I may need an intervention.


----------



## daveb (Mar 6, 2015)

So did you buy any food, cook any food, eat any food, take pictures of any food? And then they're the drink questions. If you're three for three you do need an intervention...


----------



## Adrian (Mar 6, 2015)

Going cold fish is a bit like going cold turkey. Some addictions just pass. I wish mine would.


----------



## ecchef (Mar 6, 2015)

No food & bev issues Dave. Didn't go to any 'destinations', just good local stuff mostly.
Not quite sure if the addiction has passed...guess I'm just headed in a different direction.


----------



## chinacats (Mar 6, 2015)

ecchef said:


> Didn't go to any 'destinations', just good local stuff mostly.



I've never been to Japan, but that's my favorite way to travel.


----------



## Korin_Mari (Mar 9, 2015)

chinacats said:


> I've never been to Japan, but that's my favorite way to travel.



+1 me too. Less stressful this way too.


----------



## Zwiefel (Mar 9, 2015)

Korin_Mari said:


> +1 me too. Less stressful this way too.



Yes...and it's the true Choose Your Own Adventure!

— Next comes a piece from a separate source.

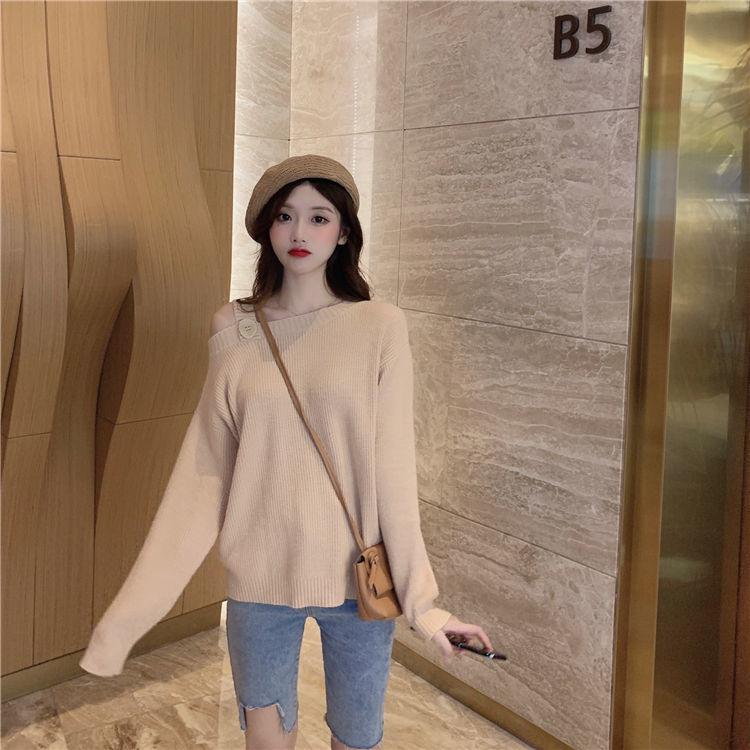 Autumn and Winter Loose Pullover Sweater Feminine Off-shoulder Long-sleeved Knitted Solid Color Warm Bottoming Top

http://en.wikipedia.org/wiki/Choose_Your_Own_Adventure


----------



## ecchef (Mar 10, 2015)

Basically enjoyed the trip, but we stayed in Hiroo which is kinda like the Beverly Hills of Tokyo. Not the most conducive neighborhood for R&R.
Had a few Foxworthy moments, but I got over it. At least my shop wasn't in pandemonium when I got back.
Still having a hard time coming to terms with my knife indifference issue. Even the Wife was shocked.
Truth be told, I haven't even sharpened anything since I've been back.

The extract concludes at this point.